## Records for processing
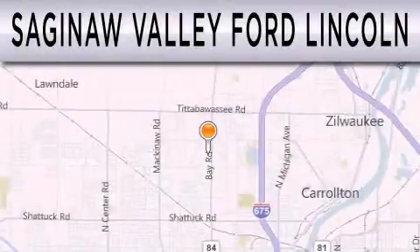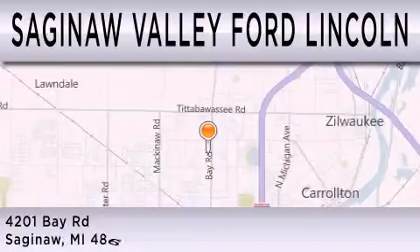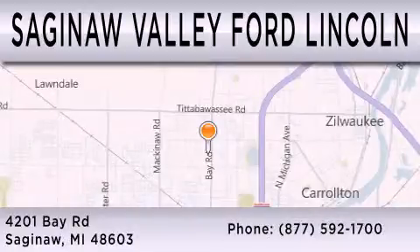Saginaw Valley Ford Lincoln is dedicated to doing everything possible to ensure that the experience you have selecting your next vehicle is as pleasant as possible. We're located at 4201 Bay Road in Saginaw.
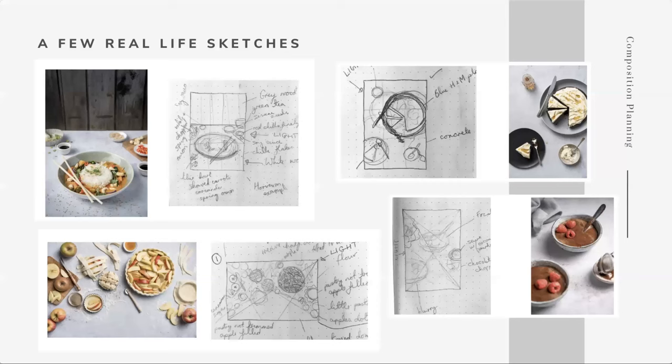Here are a few of my real-life sketches and the resulting images. The top-right one uses the phi grid with the horizon sitting along the top horizontal line. Another uses the rule of thirds to separate subjects across the top and bottom thirds. The dynamic symmetry grid appears in a scene with lots of lines — a board, knife, pastry cutter, and strips of pastry. And there's another golden triangle example. I do tend to do this for most shoots, but I also take time to explore freehand, which is completely fine too.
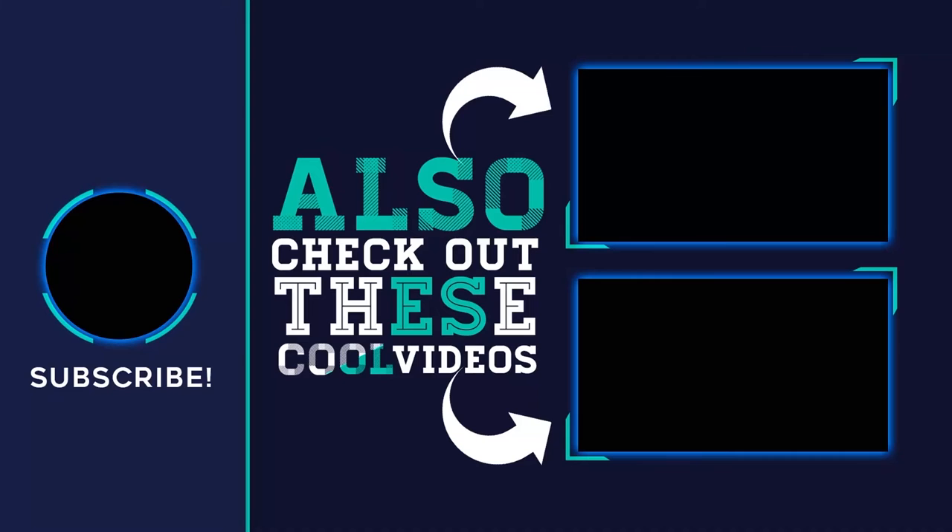Thank you for watching this video. Please subscribe to my channel, share this video, and hit the like button.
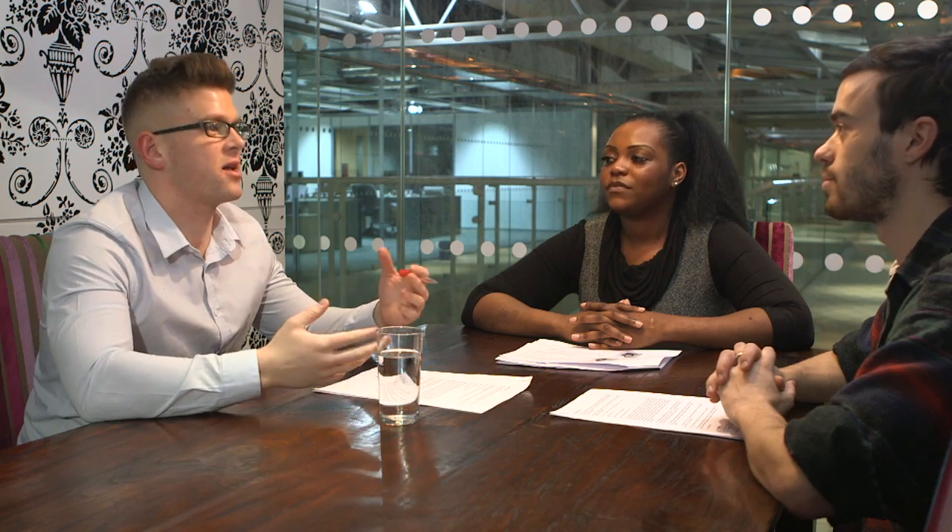Do show your enthusiasm by keeping an interested expression. Nod and make positive gestures to show that you're engaged. Be careful not to overdo the nodding though.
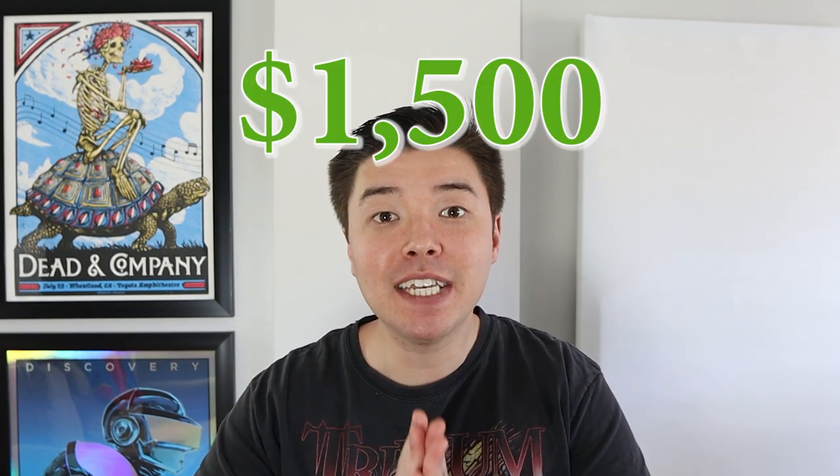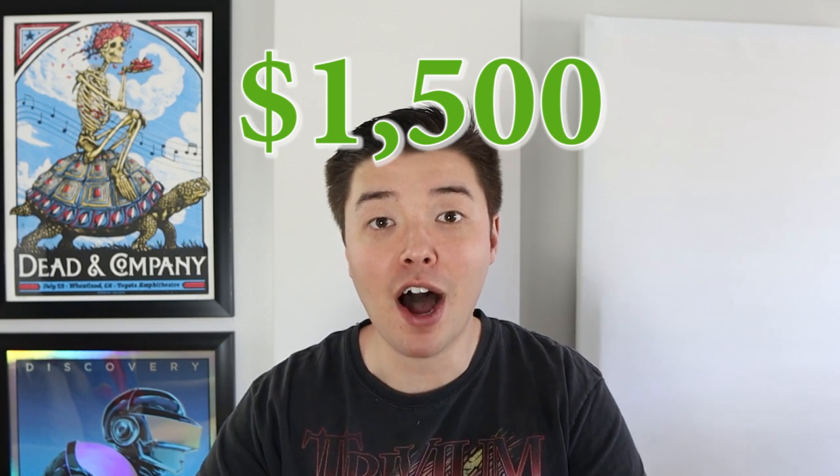This got lots of audiophiles online very heated because this product is not cheap. It is not a novelty McIntosh product that just costs like a hundred bucks or fifty bucks. It is a $1,500 product.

## What is expected
Nothing but the lines from the first line of the listing above to the line containing "Here are a few" should appear in the answer, each one exact and with no pictures.

## Final answer
Saginaw Valley Ford Lincoln is dedicated to doing everything possible to ensure that the experience you have selecting your next vehicle is as pleasant as possible. We're located at 4201 Bay Road in Saginaw.
Here are a few of my real-life sketches and the resulting images. The top-right one uses the phi grid with the horizon sitting along the top horizontal line. Another uses the rule of thirds to separate subjects across the top and bottom thirds. The dynamic symmetry grid appears in a scene with lots of lines — a board, knife, pastry cutter, and strips of pastry. And there's another golden triangle example. I do tend to do this for most shoots, but I also take time to explore freehand, which is completely fine too.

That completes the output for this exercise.